Dal consesso di Bretton Woods sono passati quasi 80 anni, il dollaro non è più convertibile in oro dal 1971, ma è tuttora la valuta dominante a livello globale. La maggior parte delle riserve globali nel 2021, secondo il Fondo monetario internazionale (Fmi), è in dollari e quasi i due terzi delle transazioni a livello mondiale vengono effettuate in questa valuta. All’apparenza, quindi, non è cambiato nulla. Sempre il Fmi evidenzia, però, come negli ultimi 20 anni la presenza di dollari Usa nelle riserve delle banche centrali sia scesa dal 71% all’attuale 59%. La guerra in Ucraina, poi, potrebbe aver segnato un punto di svolta, accelerando, come affermato dallo strategist di Credit Suisse Zoltan Pozsar, il processo di ‘de-dollarizzazione’ già in atto.

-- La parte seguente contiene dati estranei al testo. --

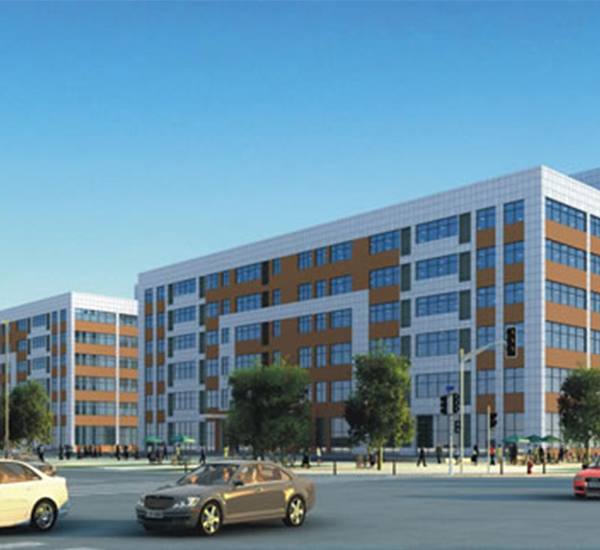 規(guī)模大生產(chǎn)能力強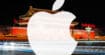 Chine : Apple a confié la protection de la vie privée de ses utilisateurs au parti communiste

Una moneta forte per puntellare il potere
Il congelamento di oltre 300 miliardi di riserve in dollari della Banca Centrale Russa, per ritorsione contro l’invasione dell’Ucraina, ha acceso un campanello d’allarme in molte cancellerie di altri paesi emergenti. L’uso strumentale del dollaro da parte americana ha incentivato il mondo non occidentale all’utilizzo di altre valute, come sottolineato anche dal ministro delle Finanze indonesiano, che ha definito la guerra in Ucraina una “lezione preziosa”. Molti paesi, per paura del blocco improvviso di parte o di tutte le proprie riserve in dollari, hanno iniziato a investire i surplus in materie prime o oro e a diversificare le loro riserve anche in altre valute.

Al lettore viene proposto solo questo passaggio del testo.